Tutte questioni che a Bruxelles sono in ballo da mesi, senza però che si arrivi mai a una presa di posizione concreta anche per le divisioni tra i vari governi. Per Avramopoulos ormai non sarebbe più neanche una questione di fondi. «Gli Stati hanno avuto già un sacco di soldi» ha detto ieri il commissario, confermando che il problema vero «è fare una politica comune».
Politica comune che però come al solito stenta a vedere la luce. A maggio la Commissione europea dovrebbe finalmente presentare l’Agenda sull’immigrazione con all’interno linee guida che dovrebbero rappresentare un approccio «comune» al problema, mentre per la prossima settimana è già fissato un appuntamento tra Avramopoulos e il ministro degli Interni Angelino Alfano, con il quale dovrebbe organizzare una visita ai centri di accoglienza. Ma l’Italia preme anche e soprattutto perché dall’Europa arrivino interventi più concreti. A partire da una sempre promessa e mai mantenuta ridefinizione della missione europea che ha sostituito Mare nostrum. «Triton non basta più», ha ribadito ieri il ministro degli Esteri Gentiloni sottolineando ancora una volta come il problema immigrazione sia strettamente legato alla situazione libica.
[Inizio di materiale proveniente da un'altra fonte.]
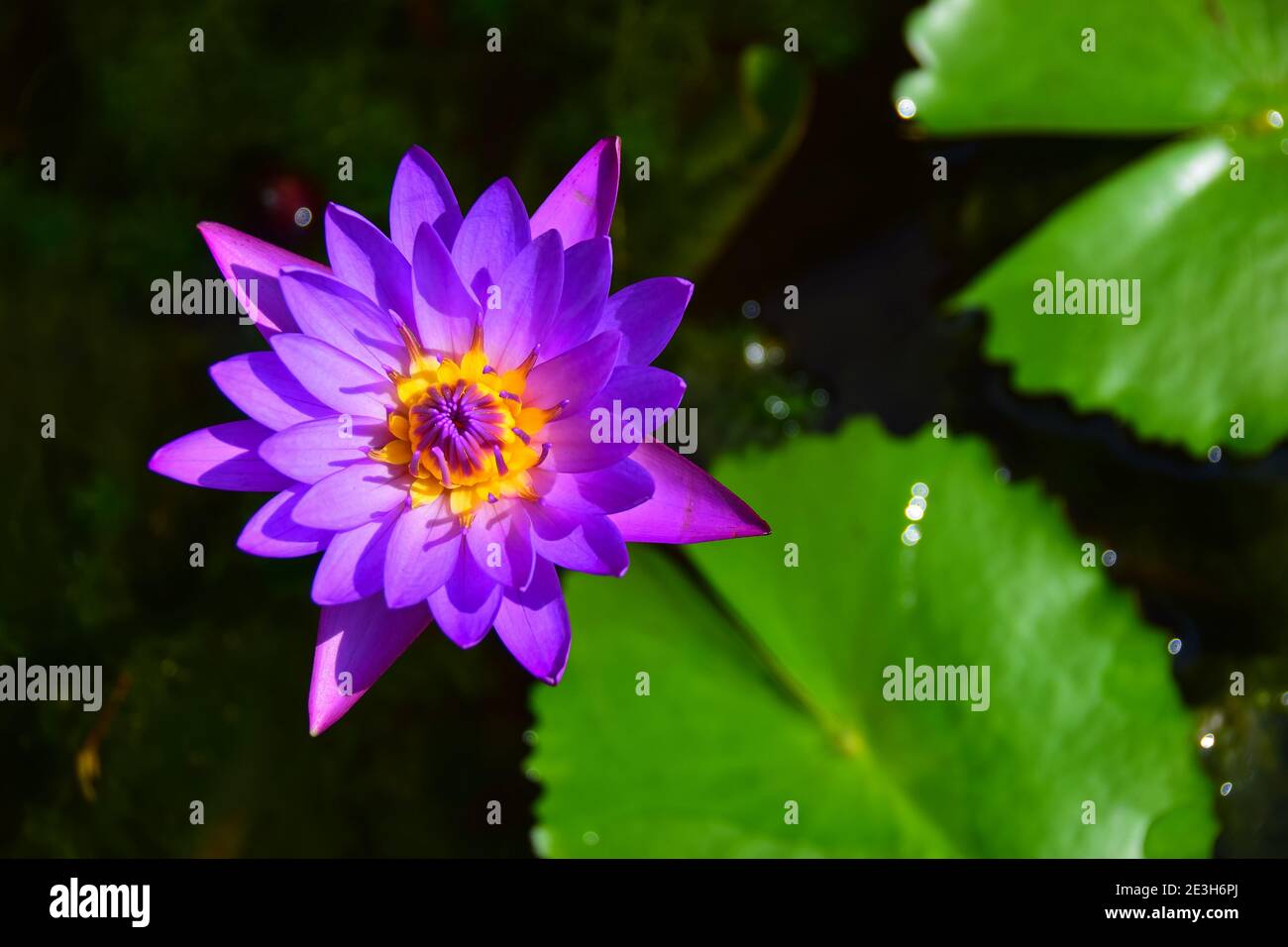Water Lily, Varkala, Kerala, India Stock Photo Alamy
Gli effetti di quanto accade nel paese nordafricano purtroppo si fanno sentire pesantemente anche nel Mediterraneo, e non solo per i barconi carichi di disperati che tentano di attraversarlo. Per la seconda volta in pochi mesi, i trafficanti hanno infatti sparato contro le navi, civili e militari, impegnate nelle operazioni di soccorso dei profughi a solo scopo di recuperare il barcone fatiscente sul quale navigavano i migranti. L’episodio è avvenuto lunedì a 60 miglia di distanza dalla Libia, dopo che un rimorchiatore italiano e una motovedetta della Guardia costiera islandese impiegata da Frontex, l’agenzia europea che coordina la missione Triton, avevano appena terminato il salvataggio di 250 migranti a bordo dei un barcone. A quel punto si è avvicinato un motoscafo dal quale sono stati sparati vari colpi di arma da fuco i aria. I trafficanti hanno quindi preso a rimorchio il barcone e si sono allontanati. «Questo è il segnale che i trafficanti stanno finendo le barche», ha spiegato il direttori esecutivo di Frontex Fabrice Leggeri.